WHAT IS NEEDED: Aim for an exact copy of the listing, without any images.

== RECORDS TO PROCESS ==

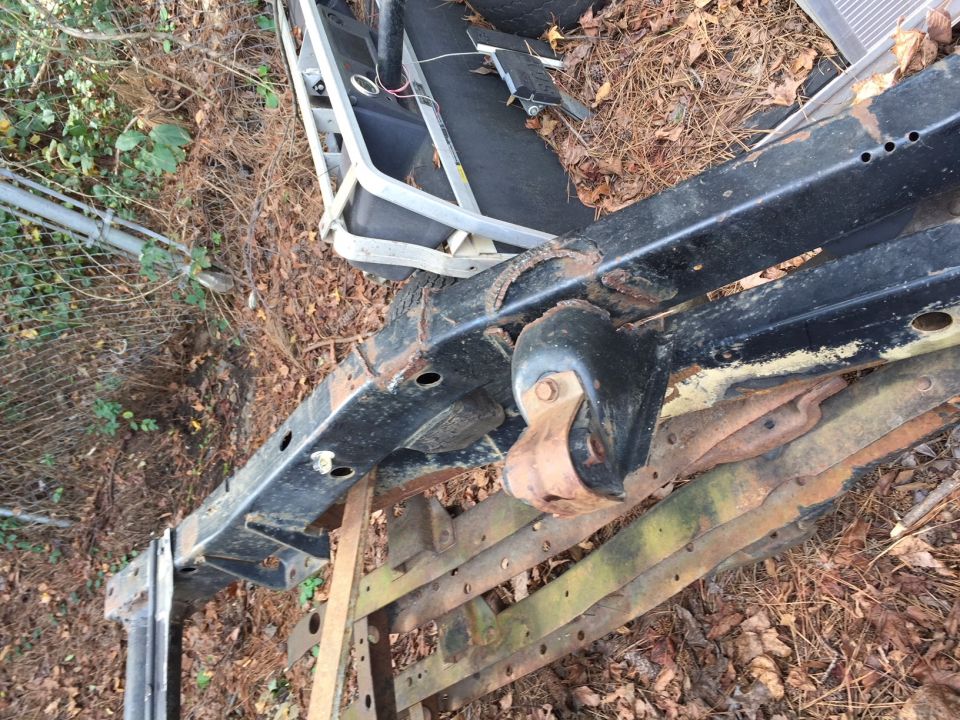 Rusted black metal frame with suspension components, resting on wooden planks outdoors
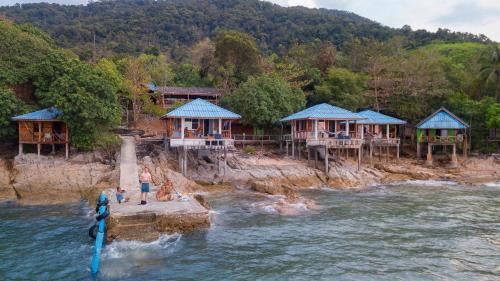 un groupe de maisons sur la rive d'une masse d'eau dans l'établissement KohChangResortRanong, à Koh Chang Ranong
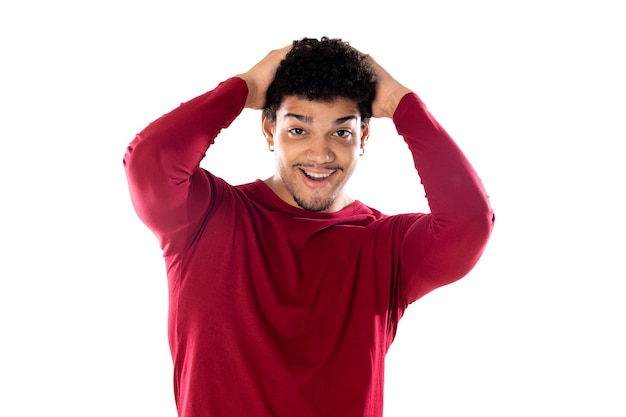 Cute african american man with afro hairstyle wearing a burgundy T-shirt isolated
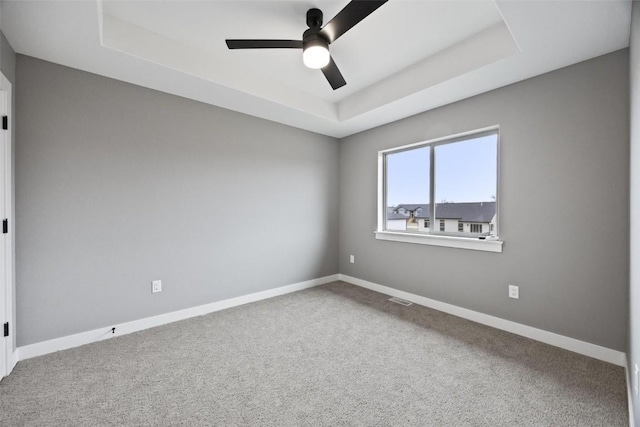 carpeted empty room featuring a ceiling fan, a raised ceiling, baseboards, and visible vents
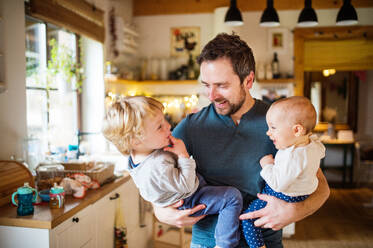Father holding two toddlers at home. Paternity leave. - HPIF29814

===

RESULT OF THE EXERCISE:
 Rusted black metal frame with suspension components, resting on wooden planks outdoors
 un groupe de maisons sur la rive d'une masse d'eau dans l'établissement KohChangResortRanong, à Koh Chang Ranong
 Cute african american man with afro hairstyle wearing a burgundy T-shirt isolated
 carpeted empty room featuring a ceiling fan, a raised ceiling, baseboards, and visible vents
Father holding two toddlers at home. Paternity leave. - HPIF29814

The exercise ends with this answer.